Hay muchas maneras de contar una historia. Las posibilidades son infinitas, porque los buenos escritores (con el tiempo y la práctica) acaban descubriéndose a sí mismos: toman conciencia de su forma de narrar, infinitamente única, sugerente, identificable, personal.  Los buenos escritores, tarde o temprano, acaban descubriendo su opción de estilo, su propia voz.

En cualquier manual de escritura encontraremos listas de narradores a los que puedes recurrir para contar tu historia: omnisciente, testigo, primera persona… no hablaremos de ellos en este momento. Hoy quiero que entiendas que, en buena medida, el atractivo de tu novela depende de la identidad de la voz que la cuenta. Y es que, cuando valoro originales, observo que muchos autores no le dedican el tiempo que requiere la creación de un personaje fundamental: aquel que explica qué fue lo que pasó.

El narrador se sitúa junto al lector con un único objetivo: acercarlo al protagonista, conseguir que se sienta profundamente intrigado por su persona, por el conflicto que se plantea, por la particularidad de las circunstancias que lo rodean.

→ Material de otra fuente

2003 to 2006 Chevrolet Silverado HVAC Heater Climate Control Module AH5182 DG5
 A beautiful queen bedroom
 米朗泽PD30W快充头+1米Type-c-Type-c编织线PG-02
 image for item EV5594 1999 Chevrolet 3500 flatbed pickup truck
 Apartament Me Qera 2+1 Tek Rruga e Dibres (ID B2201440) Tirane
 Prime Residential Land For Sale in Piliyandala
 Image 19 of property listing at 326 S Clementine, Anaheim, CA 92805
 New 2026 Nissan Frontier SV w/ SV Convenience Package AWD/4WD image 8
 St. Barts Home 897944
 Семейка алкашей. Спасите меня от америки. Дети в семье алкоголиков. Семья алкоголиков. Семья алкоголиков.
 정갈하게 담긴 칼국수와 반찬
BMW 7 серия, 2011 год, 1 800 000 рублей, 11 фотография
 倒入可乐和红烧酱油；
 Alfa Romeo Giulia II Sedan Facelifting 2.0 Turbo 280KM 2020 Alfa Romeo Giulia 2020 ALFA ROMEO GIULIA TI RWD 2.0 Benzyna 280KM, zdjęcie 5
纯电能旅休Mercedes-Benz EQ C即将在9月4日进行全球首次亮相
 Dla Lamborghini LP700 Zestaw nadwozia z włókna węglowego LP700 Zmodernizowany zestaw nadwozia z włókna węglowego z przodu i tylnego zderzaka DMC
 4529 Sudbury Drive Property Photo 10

Como indica Mateo Coronado en su obra Escribir, crear, contar, la función del narrador es conseguir que el lector perciba al protagonista como alguien que es tan real y cercano como uno mismo. Lo es tanto, que creemos en él desde el momento en que sube al escenario.

Es muy importante que comprendas que tú no eres el narrador, que quien cuenta la historia tiene una voz y una mirada propias respecto a lo que sucede; una mirada y una voz que, quizás, no tengan nada que ver contigo. Una mirada que nos invita a visualizar detalles de lo cotidiano como si lo redescubriéramos, como si lo viéramos por primera vez.

Leamos…

Hoy me gustaría que dedicaras unos minutos a la lectura. He seleccionado fragmentos de obras cuyas voces narrativas destacan por el acierto con que se han construido. Por su densidad, por la manera como se ajustan a la historia que se cuenta, por la forma como se describen y se muestran las particularidades del personaje que constituye el motor de la narración. Disfruta de ellas y fíjate en la forma como, sin darnos cuenta, nos invitan a sumergirnos en el relato.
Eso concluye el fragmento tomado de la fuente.